The trade has been a home run. Dosunmu missed the previous two games with right calf soreness and while his return to the lineup on Monday night may not have gotten the same attention as Edwards’, he was even more impactful. He put up 18 points, 15 rebounds, 12 assists and three steals in 33 minutes. It was his second career triple-double, and he joined Kevin Garnett and Kevin Love as the only players in Timberwolves history to register at least 15 points and 15 rebounds on a triple-double night.
Dosunmu was 8 of 13 from the field and had only one turnover, a sterling performance after missing the games against Houston and the Detroit Pistons.
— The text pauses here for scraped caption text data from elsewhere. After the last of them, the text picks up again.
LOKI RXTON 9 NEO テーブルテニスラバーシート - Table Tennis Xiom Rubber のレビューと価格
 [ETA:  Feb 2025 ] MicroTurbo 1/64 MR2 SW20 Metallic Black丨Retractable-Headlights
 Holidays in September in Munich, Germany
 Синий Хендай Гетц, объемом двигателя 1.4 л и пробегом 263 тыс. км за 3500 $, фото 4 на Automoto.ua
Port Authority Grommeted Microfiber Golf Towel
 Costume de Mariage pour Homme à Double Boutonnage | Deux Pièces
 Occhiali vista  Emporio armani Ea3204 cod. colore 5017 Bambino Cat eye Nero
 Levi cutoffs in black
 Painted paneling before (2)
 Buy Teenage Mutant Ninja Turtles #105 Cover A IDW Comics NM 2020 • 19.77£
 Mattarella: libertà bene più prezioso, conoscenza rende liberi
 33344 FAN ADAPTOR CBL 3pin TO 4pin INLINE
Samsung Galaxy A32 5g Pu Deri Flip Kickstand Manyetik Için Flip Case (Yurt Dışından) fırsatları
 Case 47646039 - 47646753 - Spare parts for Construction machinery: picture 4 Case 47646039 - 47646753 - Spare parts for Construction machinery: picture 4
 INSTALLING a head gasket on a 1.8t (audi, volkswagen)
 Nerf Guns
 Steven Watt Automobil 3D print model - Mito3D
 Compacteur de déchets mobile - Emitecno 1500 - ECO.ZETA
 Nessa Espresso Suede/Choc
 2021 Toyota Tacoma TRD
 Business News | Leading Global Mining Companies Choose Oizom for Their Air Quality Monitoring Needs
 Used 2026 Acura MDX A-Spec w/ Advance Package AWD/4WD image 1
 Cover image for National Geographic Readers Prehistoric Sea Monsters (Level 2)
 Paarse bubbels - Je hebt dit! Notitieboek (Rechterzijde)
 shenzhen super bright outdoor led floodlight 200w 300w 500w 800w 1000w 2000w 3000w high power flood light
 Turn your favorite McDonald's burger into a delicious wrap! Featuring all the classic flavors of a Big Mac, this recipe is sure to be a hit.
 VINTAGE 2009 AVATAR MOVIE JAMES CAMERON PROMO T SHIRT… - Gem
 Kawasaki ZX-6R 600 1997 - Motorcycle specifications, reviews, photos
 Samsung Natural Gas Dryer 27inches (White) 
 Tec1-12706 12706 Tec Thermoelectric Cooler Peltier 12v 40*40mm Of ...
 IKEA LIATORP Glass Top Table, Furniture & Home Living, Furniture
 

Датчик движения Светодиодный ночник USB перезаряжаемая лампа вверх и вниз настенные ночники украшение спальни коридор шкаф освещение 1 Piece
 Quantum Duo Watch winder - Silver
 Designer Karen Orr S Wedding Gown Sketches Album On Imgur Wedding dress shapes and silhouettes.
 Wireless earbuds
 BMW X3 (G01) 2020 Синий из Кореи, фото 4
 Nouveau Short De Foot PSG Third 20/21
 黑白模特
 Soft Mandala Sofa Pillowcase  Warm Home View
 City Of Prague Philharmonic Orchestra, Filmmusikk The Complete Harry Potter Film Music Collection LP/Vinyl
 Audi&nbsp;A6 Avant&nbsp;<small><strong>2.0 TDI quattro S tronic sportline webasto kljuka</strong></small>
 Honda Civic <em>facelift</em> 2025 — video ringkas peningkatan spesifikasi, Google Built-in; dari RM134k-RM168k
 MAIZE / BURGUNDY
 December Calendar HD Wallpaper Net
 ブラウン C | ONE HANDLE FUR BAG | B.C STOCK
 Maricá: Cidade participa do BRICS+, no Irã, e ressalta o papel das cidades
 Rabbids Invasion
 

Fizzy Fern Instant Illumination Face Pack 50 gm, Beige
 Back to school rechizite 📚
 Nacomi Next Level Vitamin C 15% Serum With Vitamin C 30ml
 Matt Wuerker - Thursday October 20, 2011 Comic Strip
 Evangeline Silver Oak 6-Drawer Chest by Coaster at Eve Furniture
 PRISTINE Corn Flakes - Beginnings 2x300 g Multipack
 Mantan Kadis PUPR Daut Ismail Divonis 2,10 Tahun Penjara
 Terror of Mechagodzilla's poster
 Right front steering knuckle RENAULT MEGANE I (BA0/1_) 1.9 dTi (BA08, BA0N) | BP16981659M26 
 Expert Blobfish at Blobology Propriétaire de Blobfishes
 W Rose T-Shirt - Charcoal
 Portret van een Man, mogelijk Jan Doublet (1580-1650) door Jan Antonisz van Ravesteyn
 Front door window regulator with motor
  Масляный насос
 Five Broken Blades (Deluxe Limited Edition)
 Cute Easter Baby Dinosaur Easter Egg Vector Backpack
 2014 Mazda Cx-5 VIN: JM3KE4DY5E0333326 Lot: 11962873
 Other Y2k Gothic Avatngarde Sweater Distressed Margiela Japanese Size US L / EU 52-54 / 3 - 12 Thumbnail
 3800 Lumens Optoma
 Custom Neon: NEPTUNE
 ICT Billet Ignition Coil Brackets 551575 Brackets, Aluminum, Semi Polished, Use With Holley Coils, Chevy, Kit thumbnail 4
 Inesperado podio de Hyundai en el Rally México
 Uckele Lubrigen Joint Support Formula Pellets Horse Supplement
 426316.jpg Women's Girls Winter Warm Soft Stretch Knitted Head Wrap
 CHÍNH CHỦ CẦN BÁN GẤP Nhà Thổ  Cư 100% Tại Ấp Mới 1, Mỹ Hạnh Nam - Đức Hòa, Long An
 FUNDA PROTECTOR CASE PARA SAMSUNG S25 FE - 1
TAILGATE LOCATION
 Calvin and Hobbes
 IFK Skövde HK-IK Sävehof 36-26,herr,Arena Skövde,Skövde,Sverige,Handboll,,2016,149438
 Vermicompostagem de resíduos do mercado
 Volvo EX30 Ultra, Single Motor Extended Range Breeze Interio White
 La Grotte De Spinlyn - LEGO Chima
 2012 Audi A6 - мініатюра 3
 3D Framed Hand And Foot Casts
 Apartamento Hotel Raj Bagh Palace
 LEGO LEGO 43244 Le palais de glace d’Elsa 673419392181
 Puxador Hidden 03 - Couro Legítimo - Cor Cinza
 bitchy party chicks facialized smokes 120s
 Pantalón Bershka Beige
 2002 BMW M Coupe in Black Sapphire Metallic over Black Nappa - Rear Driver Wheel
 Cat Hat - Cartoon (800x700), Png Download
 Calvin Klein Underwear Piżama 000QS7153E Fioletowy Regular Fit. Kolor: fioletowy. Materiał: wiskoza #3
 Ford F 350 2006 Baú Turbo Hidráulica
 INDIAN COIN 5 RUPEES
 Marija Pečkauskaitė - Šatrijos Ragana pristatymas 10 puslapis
“It was just one of those things where sometimes you get this late in the season and your body hurts, for sure,” he said. “The first couple times I felt it, I was trying to play through it.”

Ayo Dosunmu wants to take some of the burden off Anthony Edwards. (Jerome Miron / Imagn Images)
Now that he is back, one of Dosunmu’s biggest priorities is to make life easier for Edwards. He doesn’t want their go-to guy having to shoulder all the burden of bringing the ball up the court and initiating half-court sets. Dosunmu and Hyland are natural ballhandlers with a gas pedals always glued to the floor.
Dosunmu is hellbent on pushing the pace and wants Edwards to run with him. Edwards always wants to slow it down and go one-on-one with anyone in front of him. But Dosunmu and Hyland are trying to get the ball then get Edwards running along with them.
“I know he wants to traditionally play slow, but he’s a scorer and he’s an elite scorer,” Dosunmu said. “Me playing fast continuously, if he wants to score he’s going to run and get some easy baskets. One time I hit him, he ran and got a dunk. That helps him get easy baskets.”
If Dosunmu and Hyland prove adept at initiating the offense, it would take an enormous amount of pressure off of Edwards’ shoulders. Few have worked harder than Edwards for everything they have received in this league. Dosunmu wants to make some of his minutes less taxing.
“Ant is a superstar in this league. I don’t want him having to, each and every game, fight hard to get those baskets,” Dosunmu said. “He deserves to get easy baskets sometimes also. I just try to be that guy that can help others also.”
At times earlier in the season, Edwards seemed to be embracing the role of point guard on a PG-less team. During his time away, he watched how these two very capable ballhandlers ran the offense and started to see the benefit.
“The more dribbles I take, the more everybody’s like, ahhhh,” Edwards said, mimicking their frustration. “Just coming off, letting them bring the ball up. That’s their job. They’re point guards. They make it easy for me when they push the pace.”
Far stiffer tests loom, starting with back-to-back games at Detroit and the Philadelphia 76ers on Thursday and Friday. But the Timberwolves walked out of Monday night’s dress rehearsal with added belief in themselves now that Edwards and Dosunmu are back in the lineup. Finch said there was no indication that Edwards would sit out either of the back-to-back games next weekend.
The Timberwolves inched a half-game ahead of Houston for fifth in the West playoff field. But they still have a lot of work left to do. They are 1 1/2 games behind the fourth-seeded Denver Nuggets and four games up on the seventh-seeded Phoenix Suns.
With a happy Edwards back in the locker room, they have a pretty good chance.
“We don’t want to jog to the finish line; we want to sprint through and continue our success and momentum to the postseason,” Dosunmu said. “This was a big step forward.”